__Task prompt__
Your answer should repeat the entries in full, exactly as given, with no pictures.
Provided records Start Marker
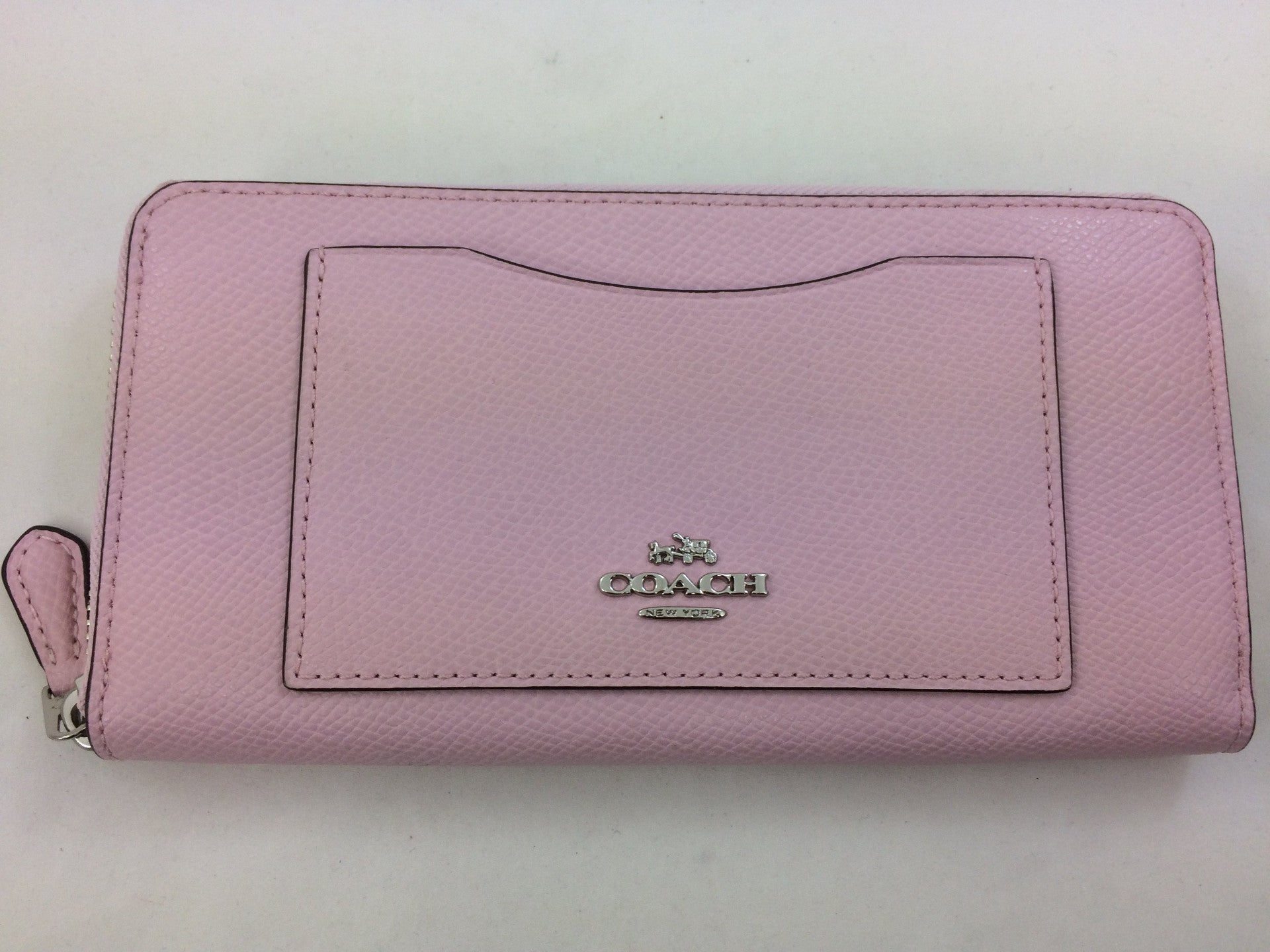 New Authentic Coach 58411E Accordion Crossgrain leather  Zip-Around Wallet Petal Pink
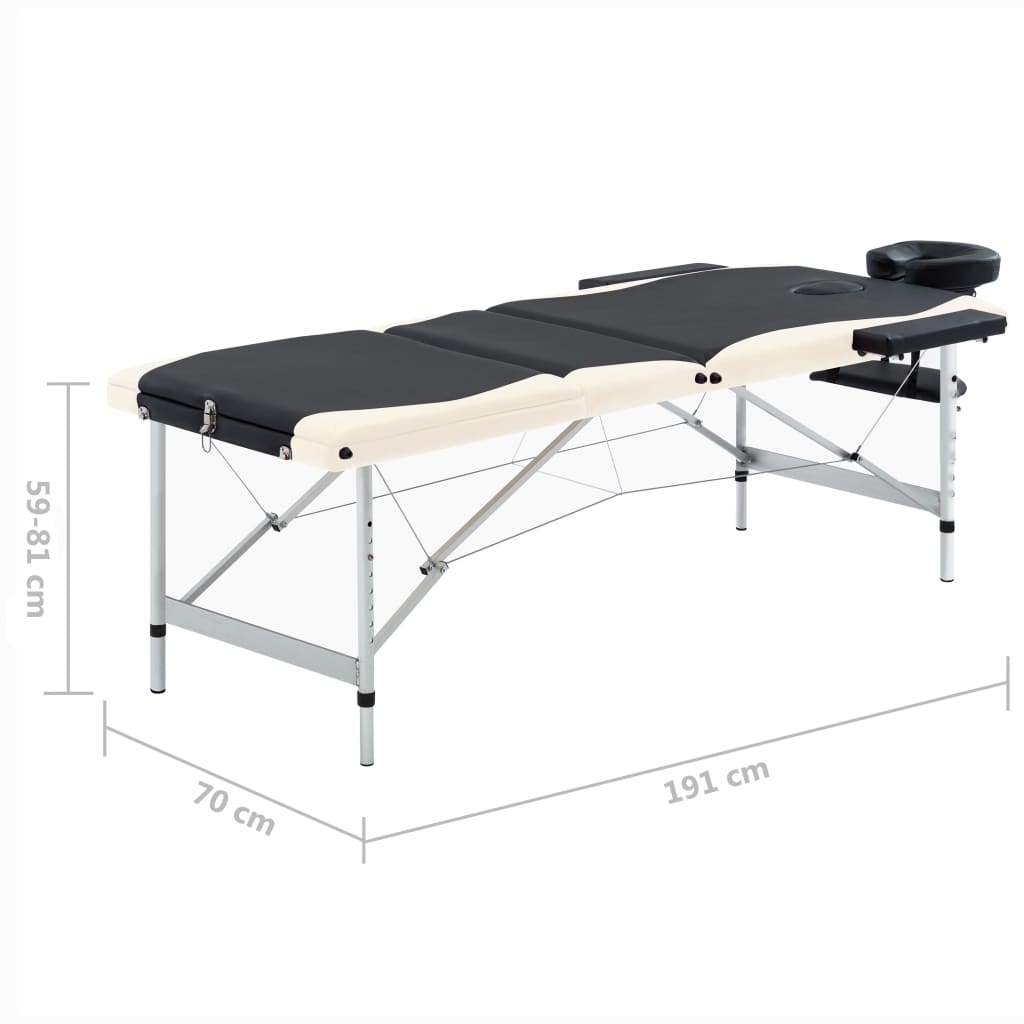 vidaXL Table de massage pliable 3 zones Aluminium Noir et beige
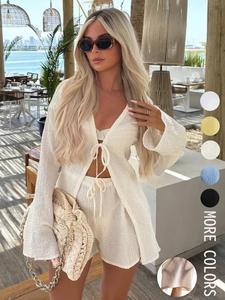 Women's Solid Tie Front Long Sleeve Top & Shorts Set, Casual Fashion Cozy Two-piece Set for Daily Holiday Vacation Wear, Ladies Clothes for Summer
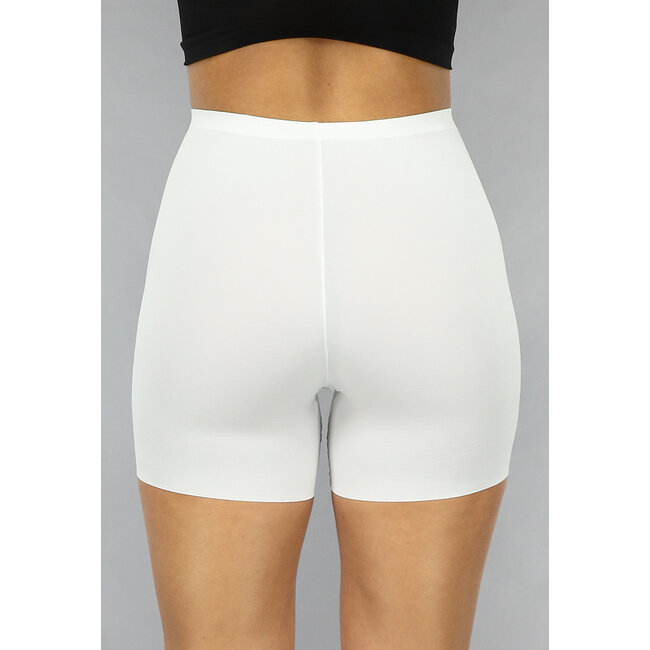 Weiße korrigierende nahtlose Biker-Shorts mit hoher Taille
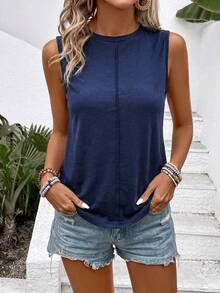 SHEIN LUNE A New Spring And Summer Fashion, Casual And Versatile Navy Blue Pure Cotton Round-Neck Vest - Navy Blue - View 7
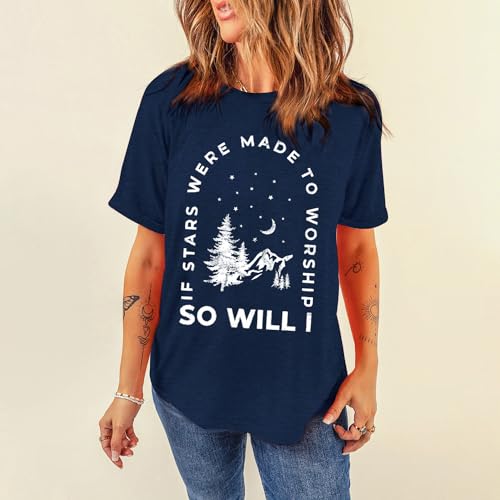 MAIHUN Womens Christian Shirt Bible Verse Tshirt If Stars were Made to Worship So Will I Tee Top by MAIHUN - Used condition - Image 2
Provided records End Marker
__Result of the task__
 New Authentic Coach 58411E Accordion Crossgrain leather  Zip-Around Wallet Petal Pink
 vidaXL Table de massage pliable 3 zones Aluminium Noir et beige
 Women's Solid Tie Front Long Sleeve Top & Shorts Set, Casual Fashion Cozy Two-piece Set for Daily Holiday Vacation Wear, Ladies Clothes for Summer
 Weiße korrigierende nahtlose Biker-Shorts mit hoher Taille
 SHEIN LUNE A New Spring And Summer Fashion, Casual And Versatile Navy Blue Pure Cotton Round-Neck Vest - Navy Blue - View 7
 MAIHUN Womens Christian Shirt Bible Verse Tshirt If Stars were Made to Worship So Will I Tee Top by MAIHUN - Used condition - Image 2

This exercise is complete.